On May 3, 2018, French President Emmanuel Macron made the term “Indo-Pacific” a concept of French foreign policy for the first time—shortly after Chinese Foreign Minister Wang Yi had publicly dismissed the concept as an “attention-grabbing idea” that “will dissipate like ocean foam.”1
Macron’s speech, given at the Garden Island military base in Sydney, Australia, differed substantially in its objectives and content from President Donald Trump’s introduction of his own Indo-Pacific strategy in November 2017. Each strategy unveiled underlines that the United States’ and China’s radically opposing interests, in the Indo-Pacific and globally, are a central driver of contemporary international relations. However, naturally, France and the United States take different positions on the state of affairs. While both countries oppose China’s hegemonic designs, France is uncomfortable with the widening gulf between the United States and China.
France’s approach to the Indo-Pacific aims to protect the country’s international position and its specific interests—notably, in the overseas territories that anchor and give credibility to the French strategy.

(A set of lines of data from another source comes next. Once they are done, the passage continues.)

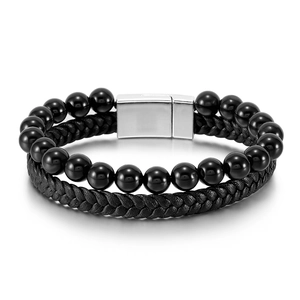 Herenarmband met dubbele laag zwarte kralen en gevlochten leren koord design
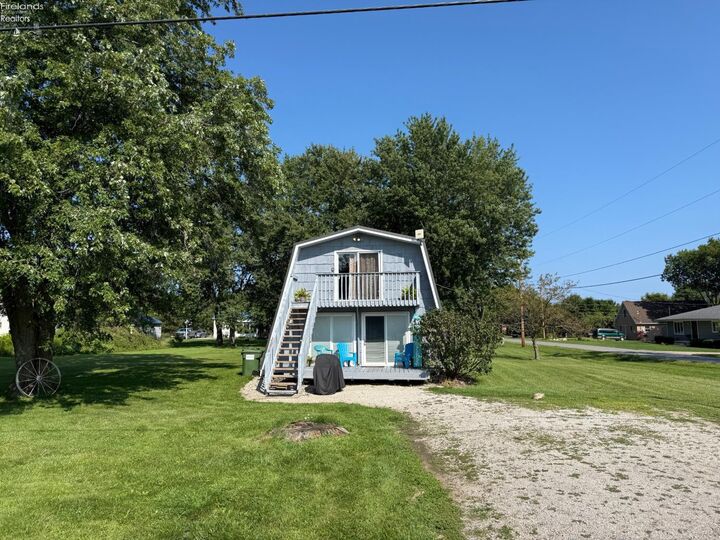 Property Photo:  102 Fairview Lane  OH 43438 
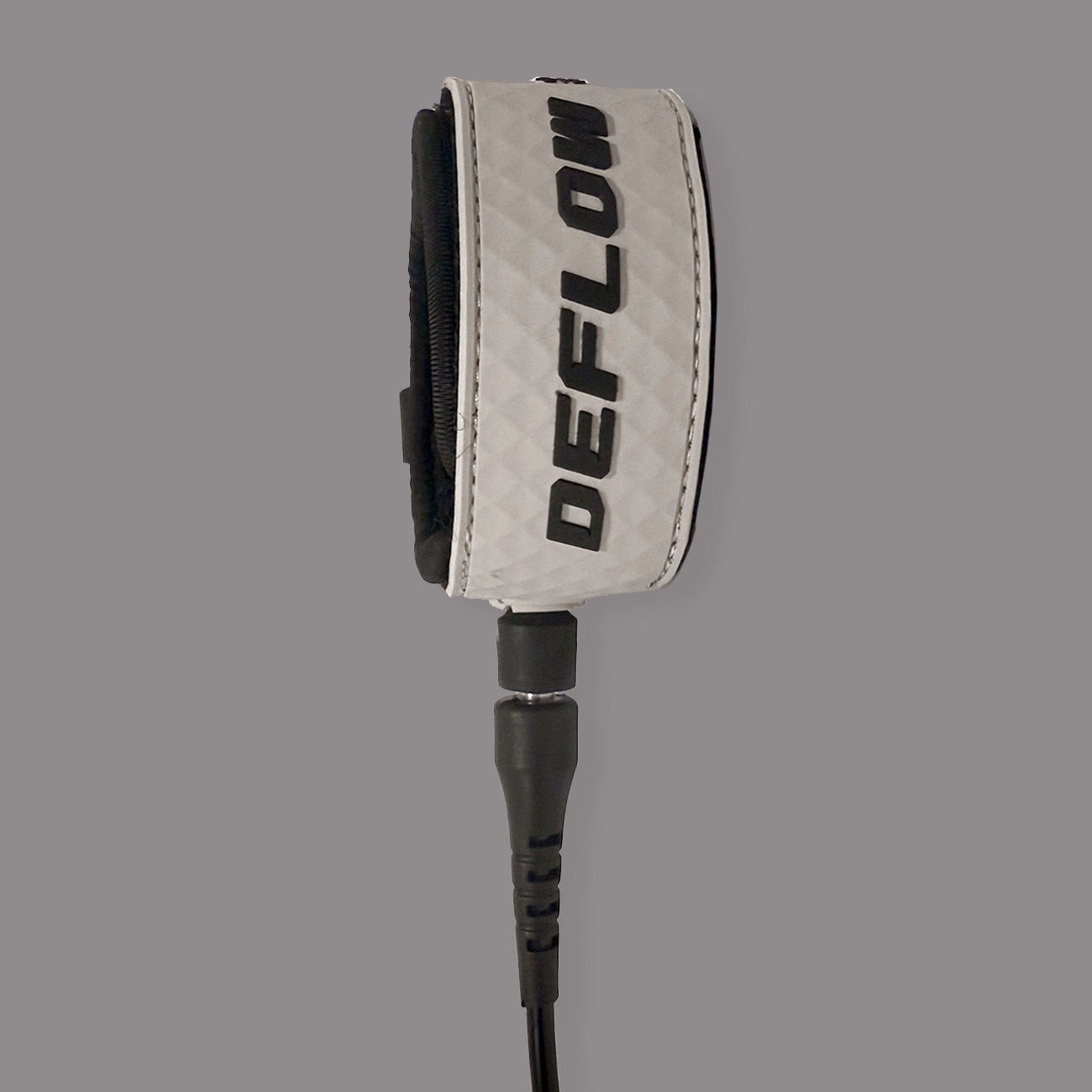 PERFORMANCE リーシュコード7FT LONG7mm THIKNESSNONSLIP SYSTEM GEL INJECTED ‘DEFLOW’ ///LINE SMAJOR FORCE ANKLE PROTECTION INNER POCKET KEY - FIN KEY PREMIUMEXTRA VELCRO PATCH STAINLESS STEEL [ + ] BRASS SWIVELS足首を保護する塩化ビニール製のプロテクターも装備。さらに、より安全性を高めるためにマジックテープのパッチが追加され、グリップ力を高めるベルクロパッチと、スチール製と真鍮製のスイベルを装備。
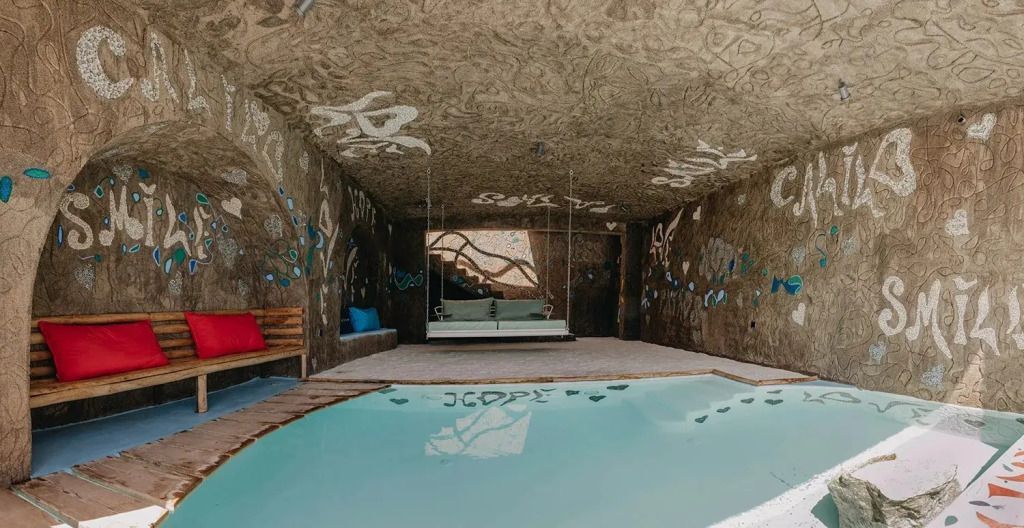 Privater Indoor-Poolbereich mit Schaukelliege im Calilo Hotel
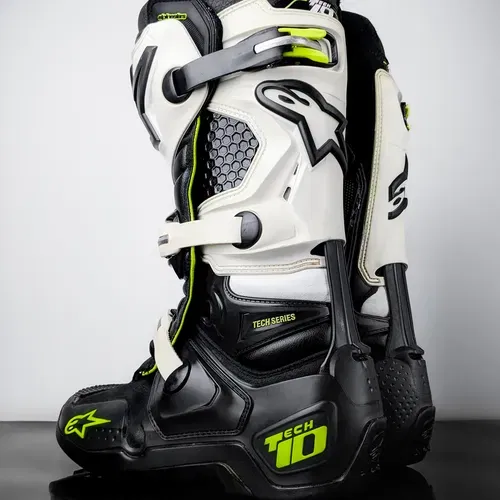 WKND SALE! Sz.10 Tech 10•White/Black/Green•Make An Offer!•SAME DAY SHIPPING!
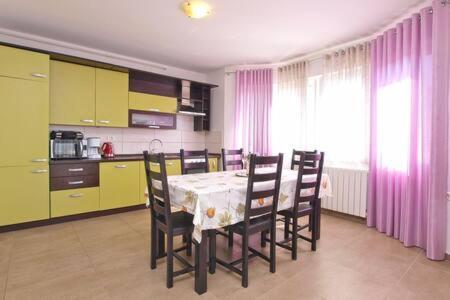 PUY Villa Lucija מראה חיצוני תמונה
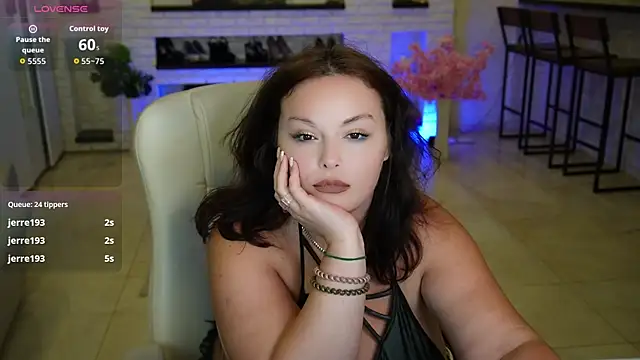 Snapshot of Daniela_Kitty_ chatting on 07.28.26 Daniela Kitty online show from 07.28.26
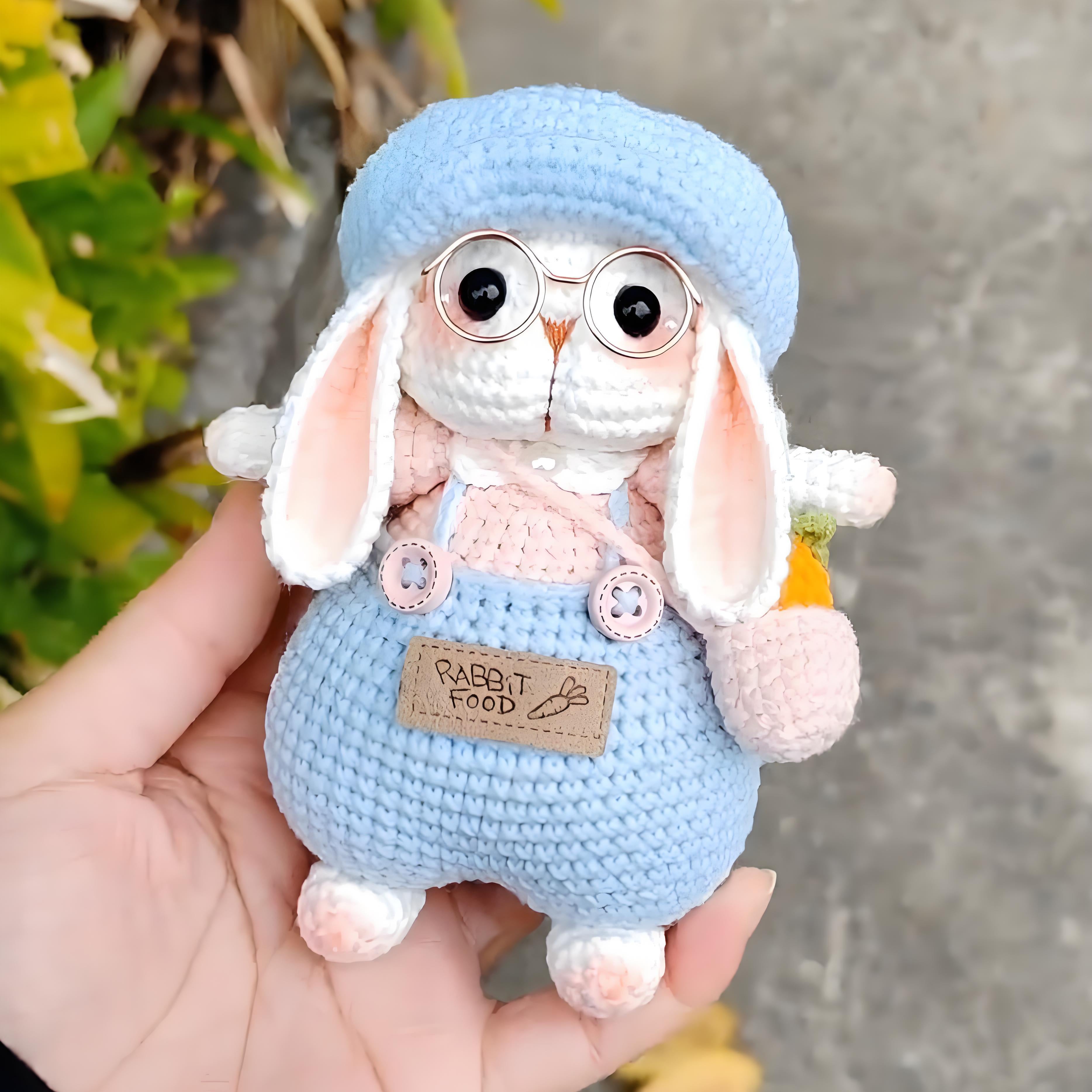 Cartoon Sugar Bunny Crochet Kit | Long-Ear Amigurumi Doll & Keychain
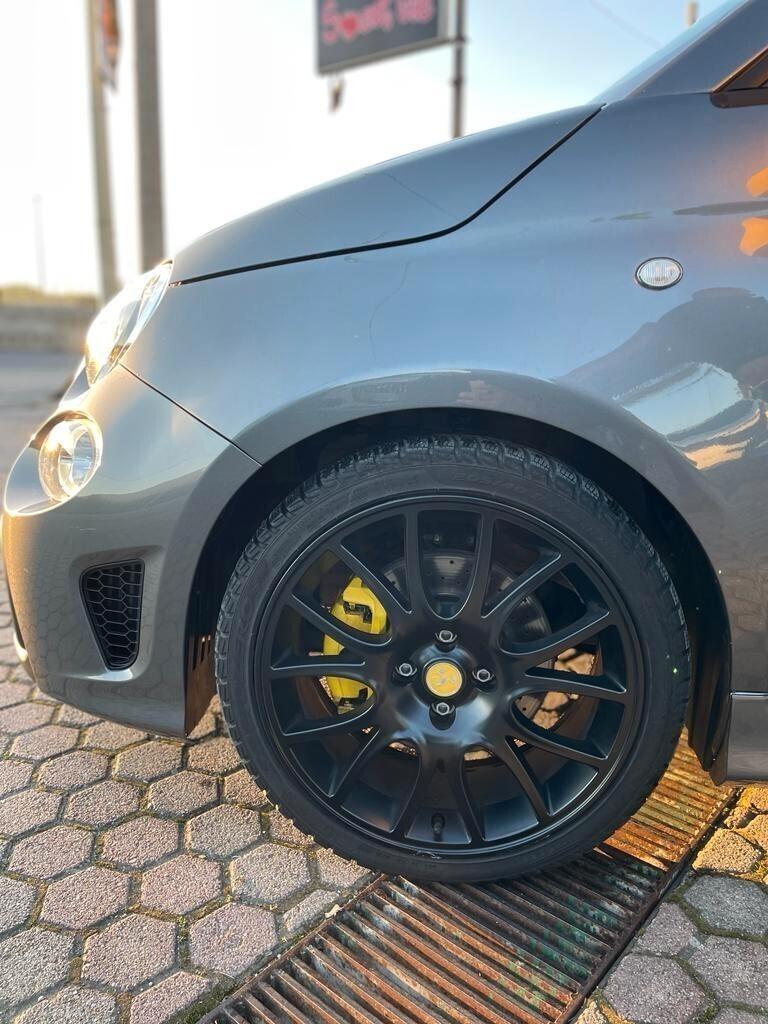 Abarth 595 1.4 Turbo T-Jet 165 CV Pista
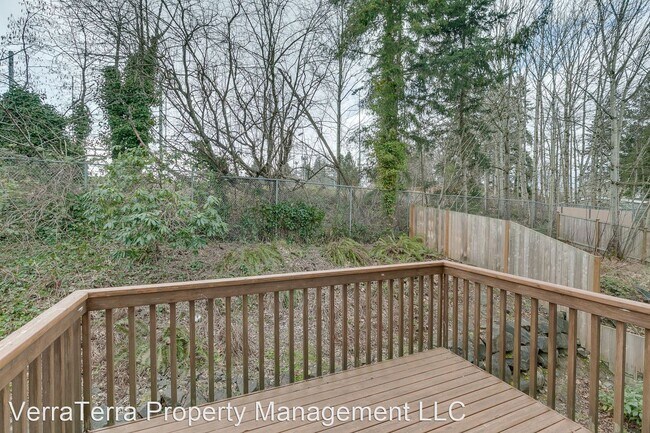 Building Photo - 5 br, 3.5 bath House - 4801 NE 13th Pl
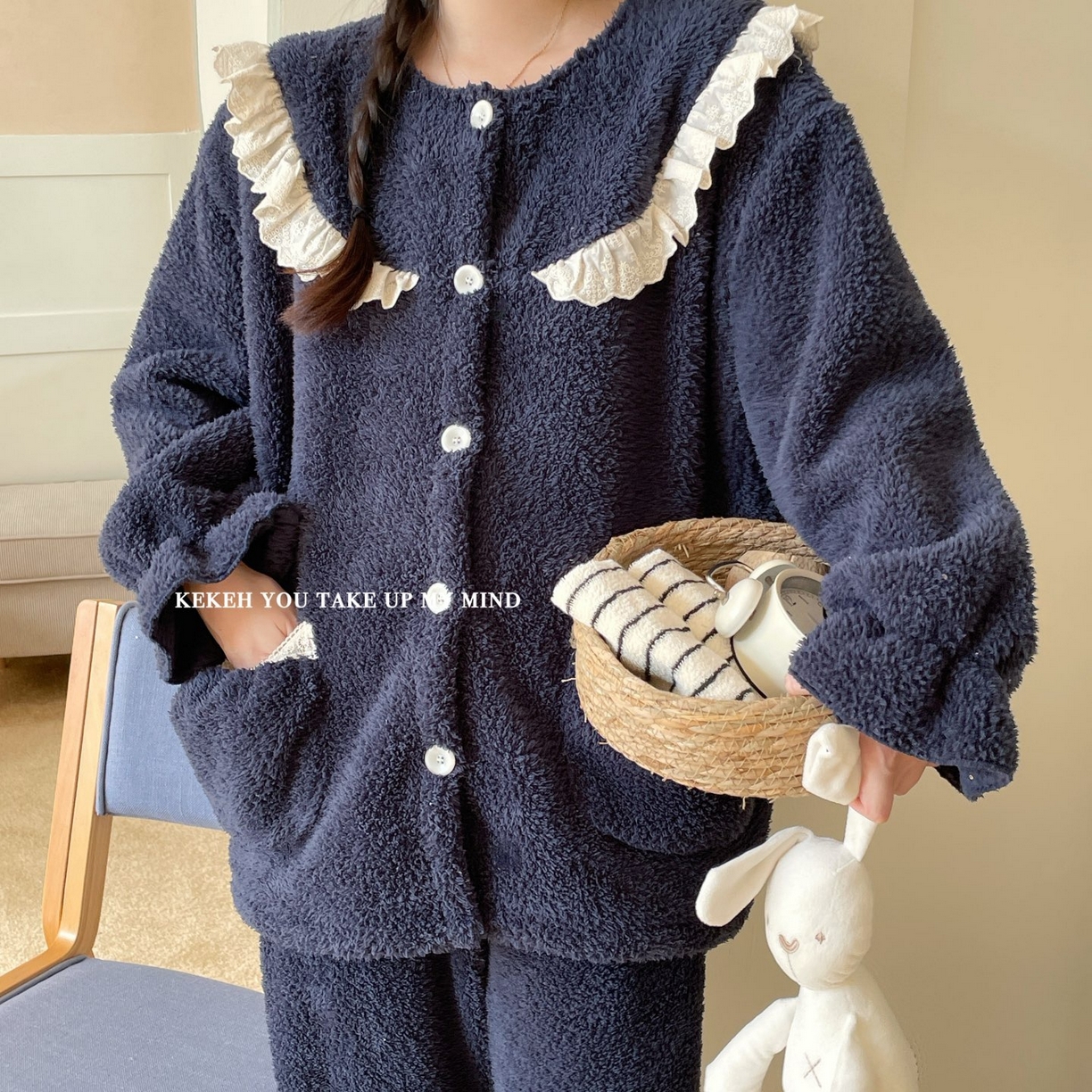 91家纺网 家纺一手货源 找家纺 妍景家居生活馆 2025新款韩系圆领纽扣蕾丝套装 海涛兰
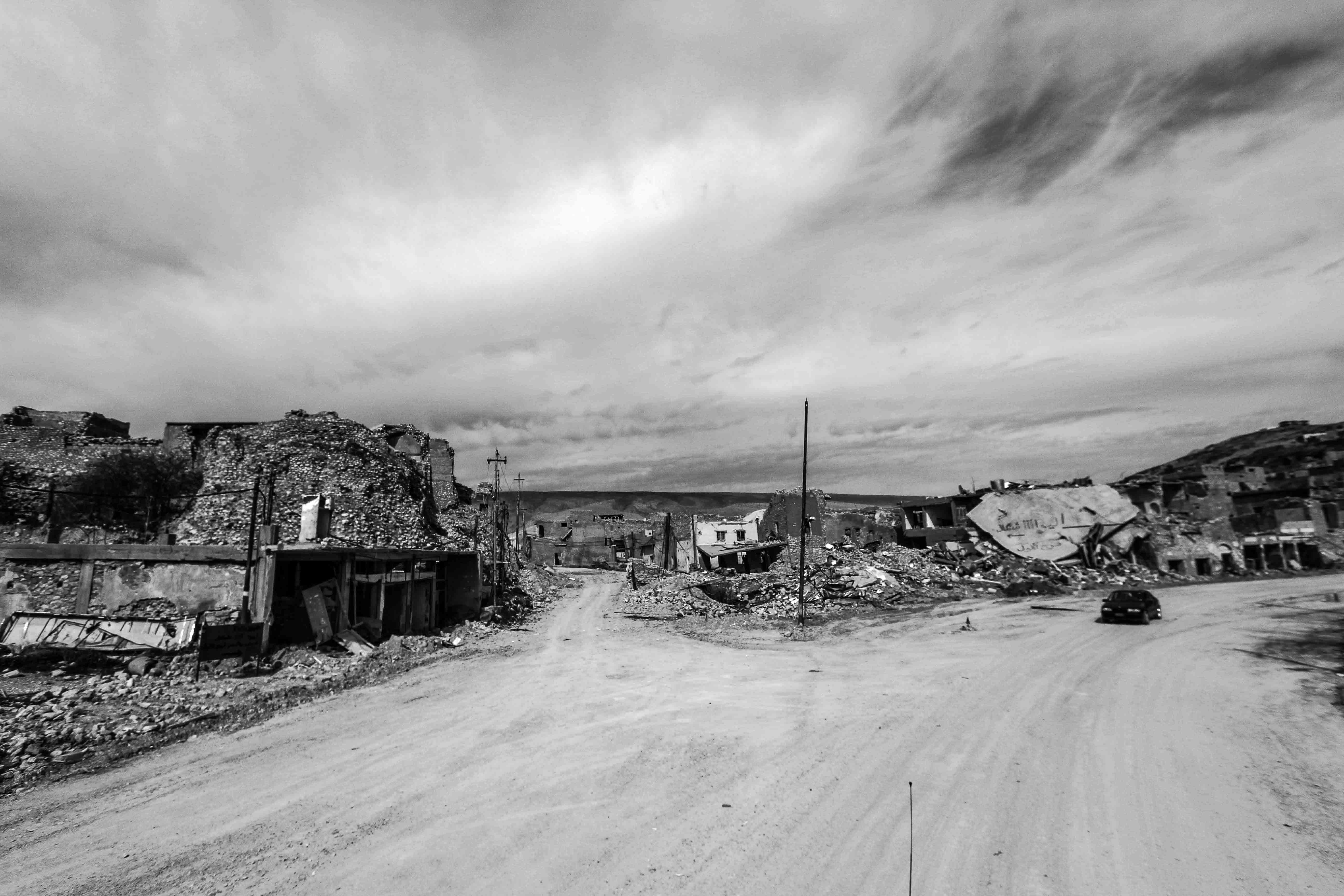 ما زالت المدينة الواقعة في محافظة نينوى مدمرة الى حد كبير (تصوير: شفان هركي)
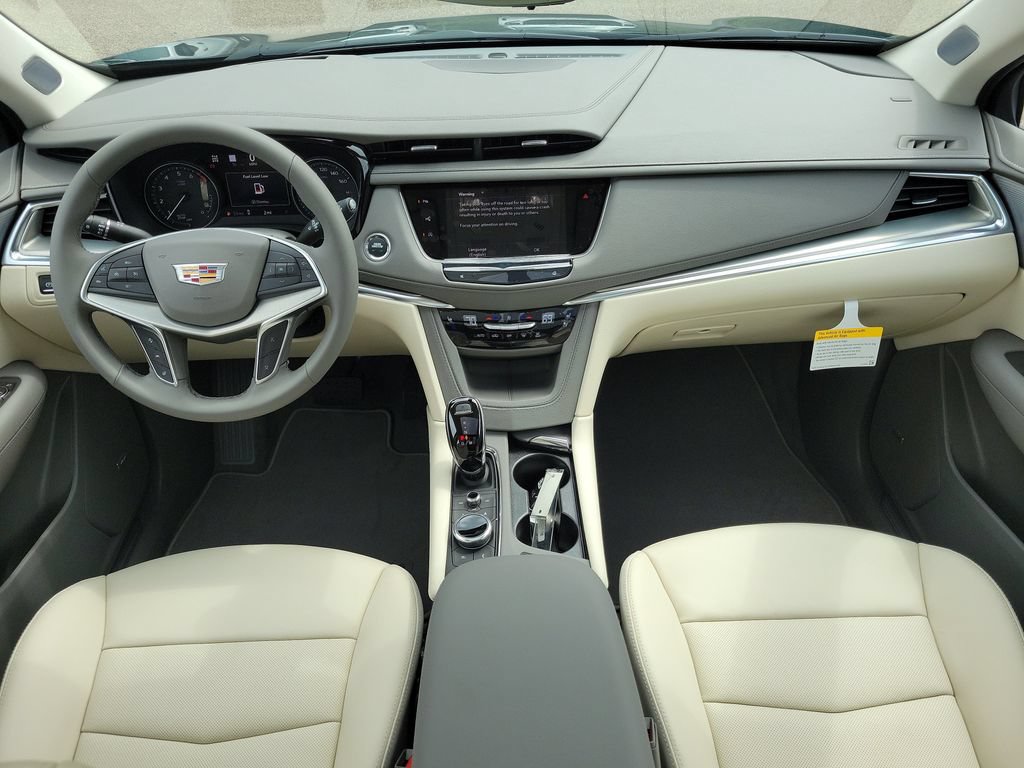 New 2026 Cadillac XT5 Premium Luxury w/ Driver Assist Package AWD/4WD image 8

But the strategy’s implementation, a delicate exercise, will continually require French decisionmakers to have a clear vision of these interests and to avoid any rhetoric or dangerous confrontation with China while maintaining a central—but not exclusive—place for the United States in its traditional system of alliances.
Emergence of the Indo-Pacific Concept
The term “Indo-Pacific” is not new—Japan and Australia articulated doctrines on the concept in 2007 and 2013, respectively. But it has always been viewed differently. Japan’s Free and Open Indo-Pacific Strategy focuses on enhancing global stability and prosperity, while Australia’s strategy aims to address an enduring dilemma: how to remain a safe and wealthy nation while reconciling its economic dependence on China with its strategic alliance with the United States. When the term entered the strategic vocabulary of the United States, it gained even greater importance, as well as a more confrontational character.
The Indo-Pacific concept has evolved in response to two connected but distinct strategic developments: the projection of power from China outward, which has accelerated spectacularly since President Xi Jinping came to power, and the exacerbation of the Sino-American rivalry.
Still, the strategic implications of the term remain as vague as its geographic scope. Following Macron’s visit to Australia, the former director of the Australian Office of National Assessments, Allan Gyngell, argued that “the Indo-Pacific does not exist. Like Asia-Pacific or Asia itself, the Indo-Pacific is simply a way for governments to define an international environment suited to their policy objectives in particular circumstances.” In other words, the Indo-Pacific is not a predetermined space in which the national strategies of states fit. Instead, it is the states’ strategies that define the geography of the Indo-Pacific.
In fact, while the term implies the inclusion of the Indian and Pacific Oceans, even their boundaries are determined differently by different actors according to their own interests. For France, the Indo-Pacific space extends from the shores of East Africa and southern Africa to the coasts of North, Central, and South America; and for France’s Ministry of the Armed Forces, it is “a security continuum which extends from Djibouti to French Polynesia.”2 Alternatively, for the United States, it stops at India’s shores. Meanwhile, ASEAN asserts its own “centrality” there—a concept that refers to both the organization’s consensus-based decisionmaking apparatus (seen as a protection against hegemonic temptations) and to the geographical situation that makes ASEAN a link between the Indian and Pacific Oceans. For India, which views the Indo-Pacific largely through its Look East policy, the space includes the entire Indian Ocean.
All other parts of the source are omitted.